Records provided>
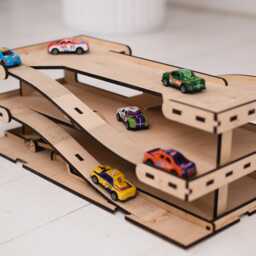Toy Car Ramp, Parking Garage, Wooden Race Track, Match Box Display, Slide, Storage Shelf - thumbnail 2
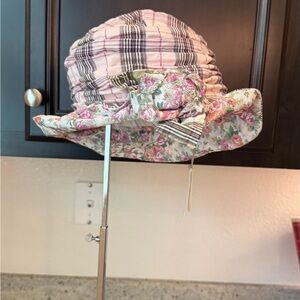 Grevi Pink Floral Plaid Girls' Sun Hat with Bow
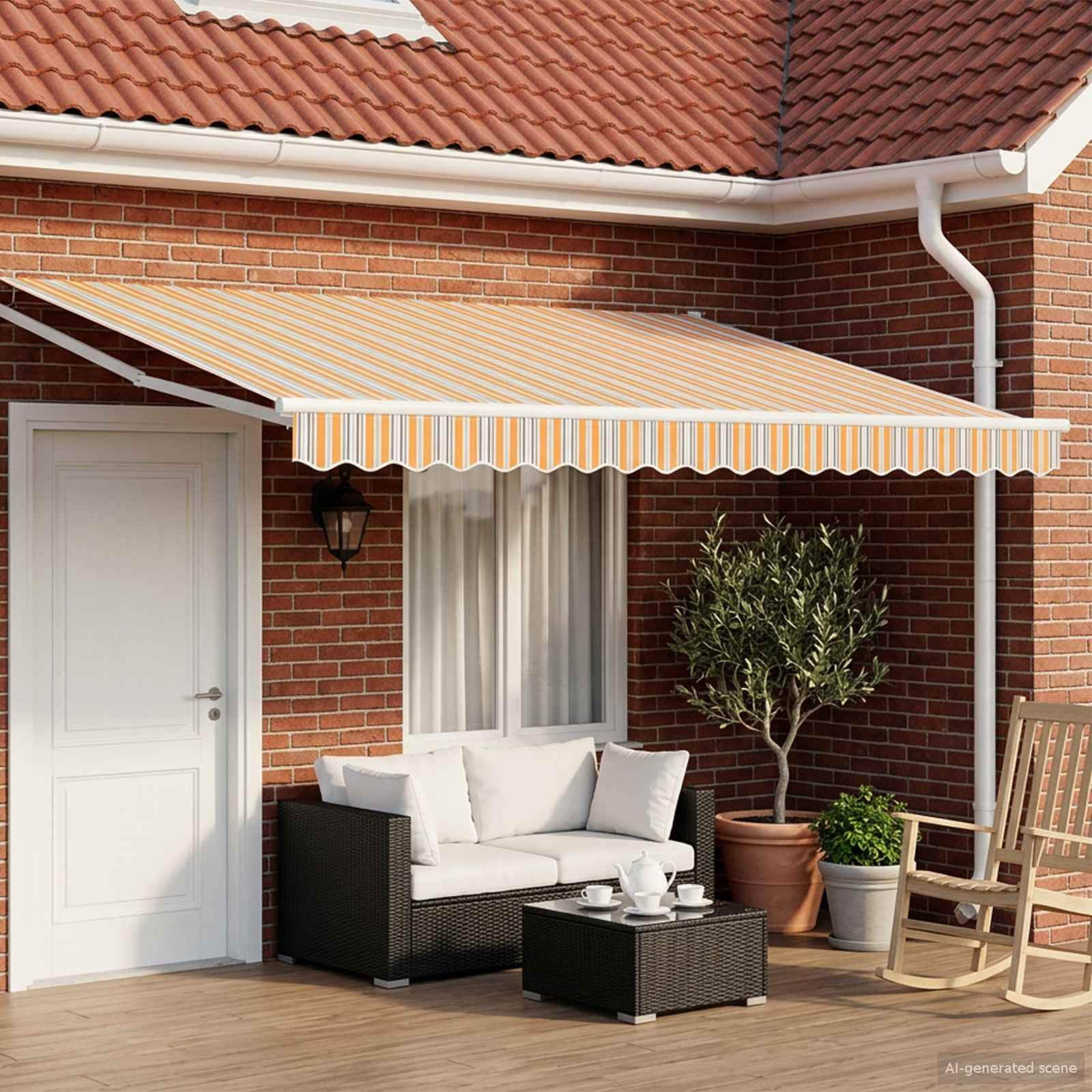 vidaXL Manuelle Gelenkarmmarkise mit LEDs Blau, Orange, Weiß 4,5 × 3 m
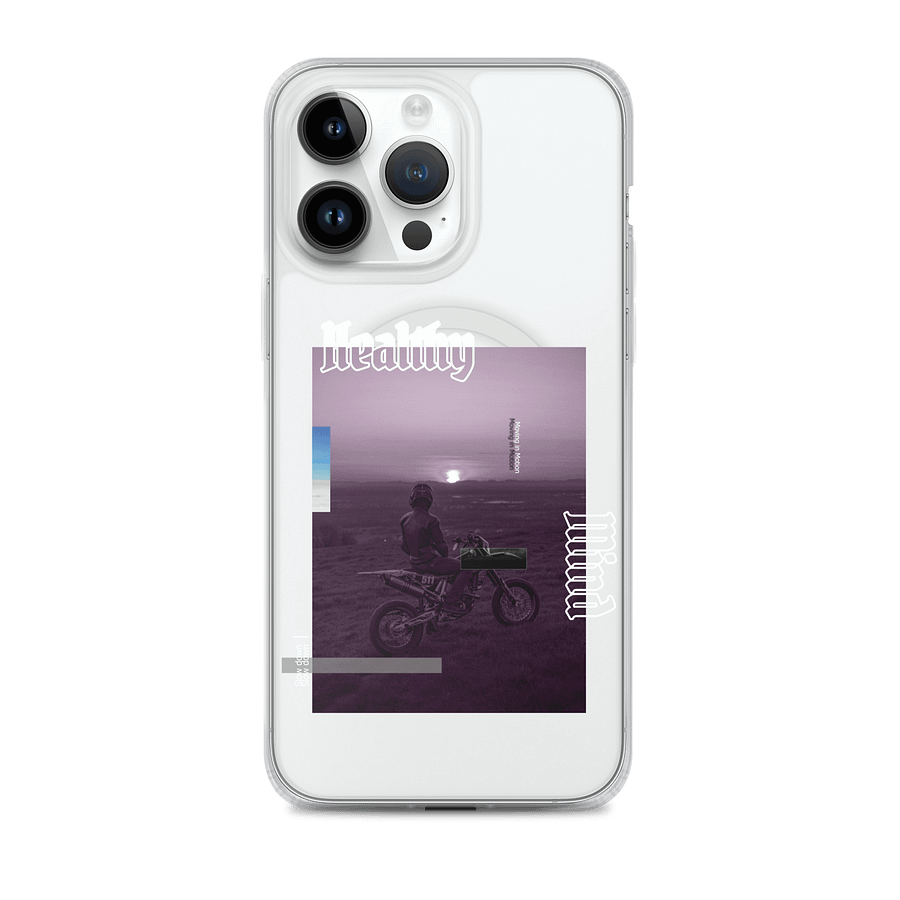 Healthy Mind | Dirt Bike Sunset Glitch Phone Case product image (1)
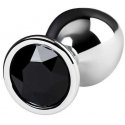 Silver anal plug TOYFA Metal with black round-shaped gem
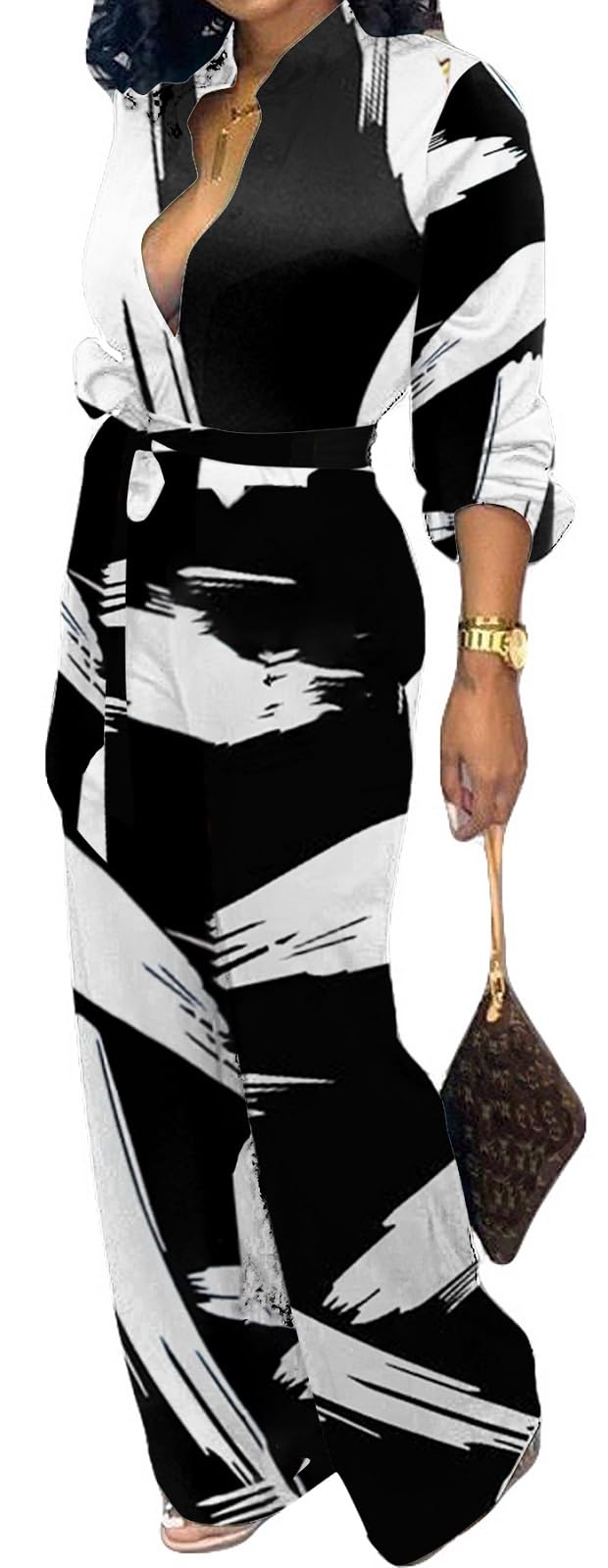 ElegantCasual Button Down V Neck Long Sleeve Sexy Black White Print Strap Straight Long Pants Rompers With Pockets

==

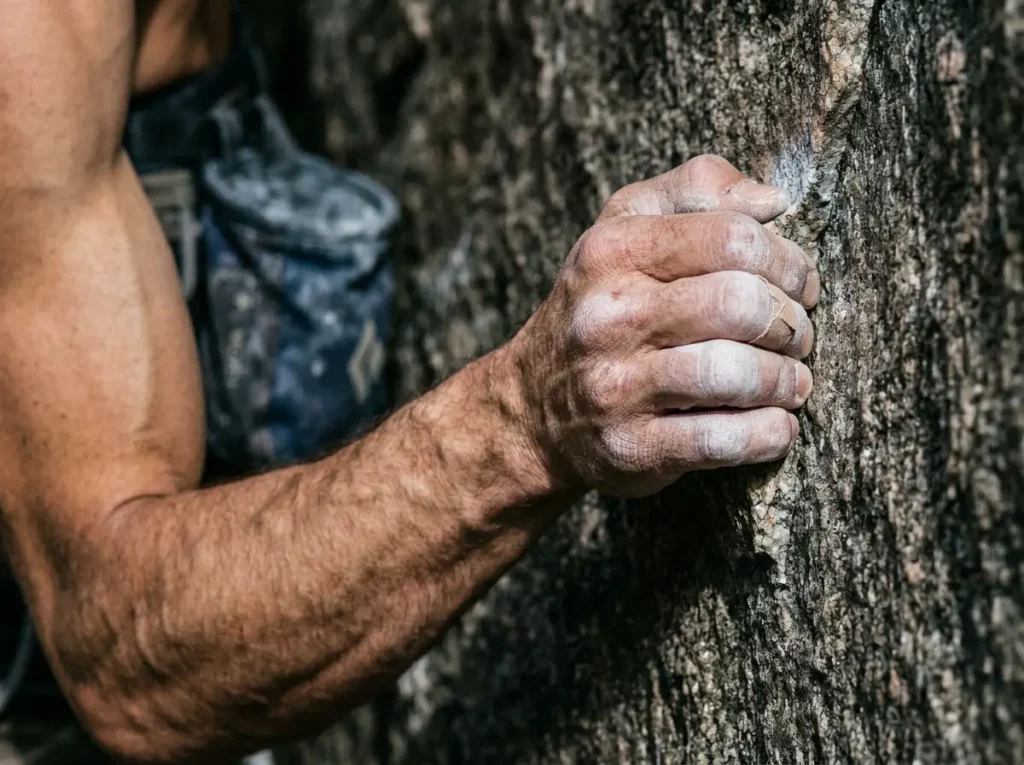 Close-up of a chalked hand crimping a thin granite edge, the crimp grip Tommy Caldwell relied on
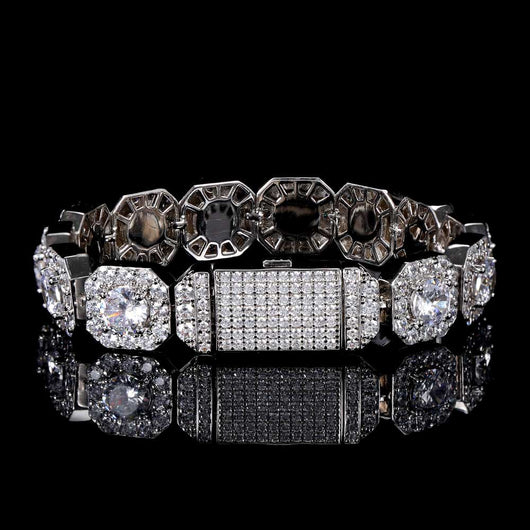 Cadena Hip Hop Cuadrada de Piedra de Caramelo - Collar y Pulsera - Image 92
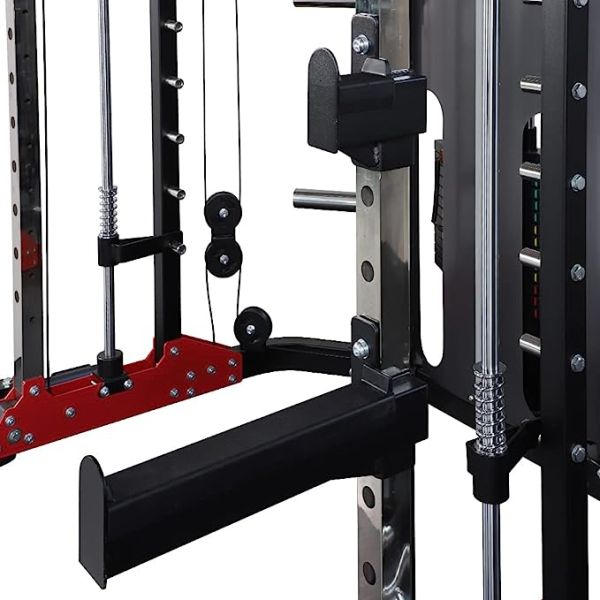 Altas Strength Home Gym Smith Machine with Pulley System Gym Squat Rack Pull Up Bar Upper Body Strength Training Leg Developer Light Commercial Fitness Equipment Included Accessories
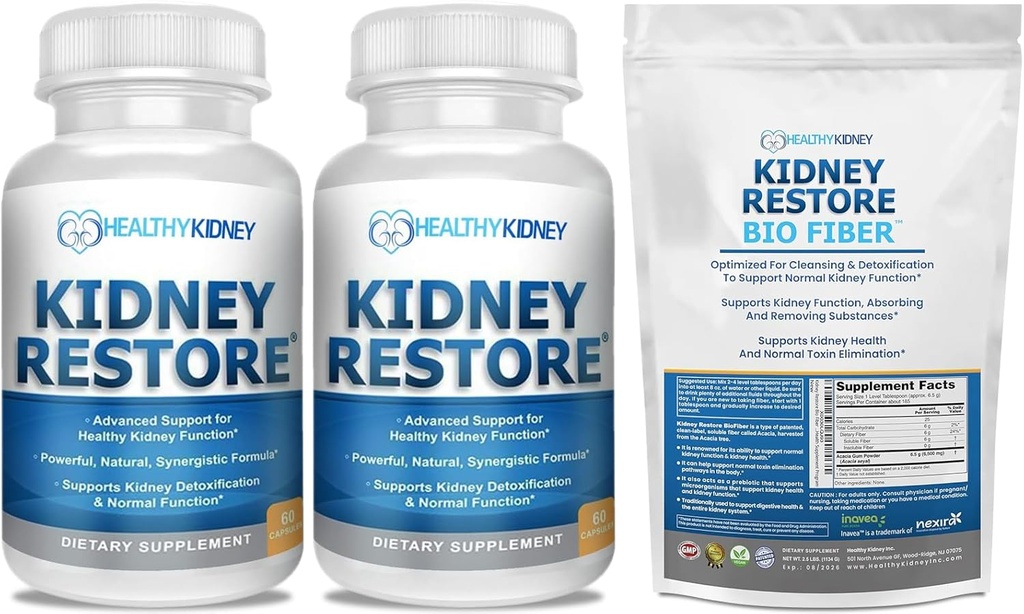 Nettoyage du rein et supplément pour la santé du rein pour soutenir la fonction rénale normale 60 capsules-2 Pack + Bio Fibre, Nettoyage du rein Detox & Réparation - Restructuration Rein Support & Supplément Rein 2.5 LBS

---

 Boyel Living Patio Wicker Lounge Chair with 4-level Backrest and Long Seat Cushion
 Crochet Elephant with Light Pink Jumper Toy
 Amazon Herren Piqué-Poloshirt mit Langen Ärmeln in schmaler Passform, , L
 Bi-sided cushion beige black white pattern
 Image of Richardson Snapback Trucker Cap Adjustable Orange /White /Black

Prompt> Look above for the line holding "Cadena Hip Hop" and output everything from it down to the line holding "Altas Strength Home", both ends included, exactly and without images.

Reply to the task>
 Cadena Hip Hop Cuadrada de Piedra de Caramelo - Collar y Pulsera - Image 92
 Altas Strength Home Gym Smith Machine with Pulley System Gym Squat Rack Pull Up Bar Upper Body Strength Training Leg Developer Light Commercial Fitness Equipment Included Accessories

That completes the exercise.